Exterior view of the Museum of Modern Art, Blade Stair Atrium, designed by Diller Scofidio + Renfro in collaboration with Gensler, as a part of The Museum of Modern Art Renovation and Expansion. Photo by Iwan Baan. Courtesy of the Museum of Modern Art.

Exterior view of the Museum of Modern Art, Blade Stair Atrium, designed by Diller Scofidio + Renfro in collaboration with Gensler, as a part of The Museum of Modern Art Renovation and Expansion. Photo by Iwan Baan. Courtesy of the Museum of Modern Art.


Interior view of the Museum of Modern Art, Blade Stair, designed by Diller Scofidio + Renfro in collaboration with Gensler, as a part of The Museum of Modern Art Renovation and Expansion. Photo by Iwan Baan. Courtesy of the Museum of Modern Art.

Interior view of the Museum of Modern Art, Blade Stair, designed by Diller Scofidio + Renfro in collaboration with Gensler, as a part of The Museum of Modern Art Renovation and Expansion. Photo by Iwan Baan. Courtesy of the Museum of Modern Art.

At most, that’s a tiny inconvenience compared to the potential benefits of the new system, which is intended to leave art history open-ended. As MoMA’s director Glenn Lowry stressed at a press preview on Thursday morning: “What makes modern and contemporary art exciting is precisely the debates and arguments that are still taking place.” Instead of proposing that they have the last word, the new MoMA undermines the idea that a single narrative about so many artists, working across so many years and countries, could ever exist.

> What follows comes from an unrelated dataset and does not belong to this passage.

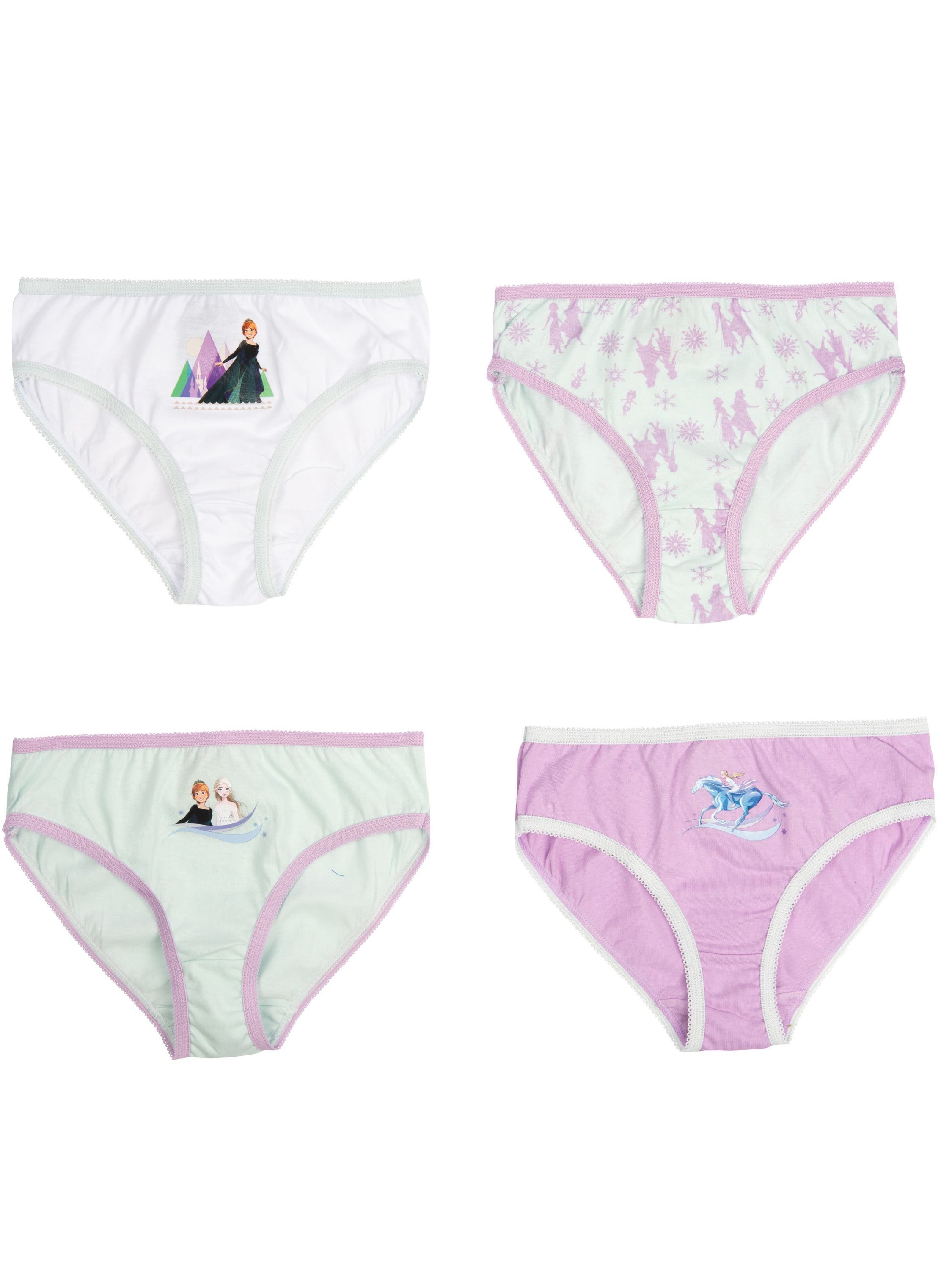 United Labels® Panty Disney - Die Eiskönigin - Frozen (4er Pack)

Museum expansion projects are never perfect, and MoMA’s latest revamp is no exception. There will always be gripes—does the wall text dumb down the content of the work? How much corporate money is too much? How should the museum handle the scandal around board member Larry Fink? But as you lose yourself in the new and renovated galleries and find a number of artists and presentations you’ve never before encountered at MoMA, don’t be surprised if you become entirely enchanted.Here are five of the most remarkable changes to the museum.


The big rehang

Pablo Picasso. Les Demoiselles d’Avignon . 1907. © 2004 Estate of Pablo Picasso / Artists Rights Society (ARS), New York. Courtesy of the Museum of Modern Art.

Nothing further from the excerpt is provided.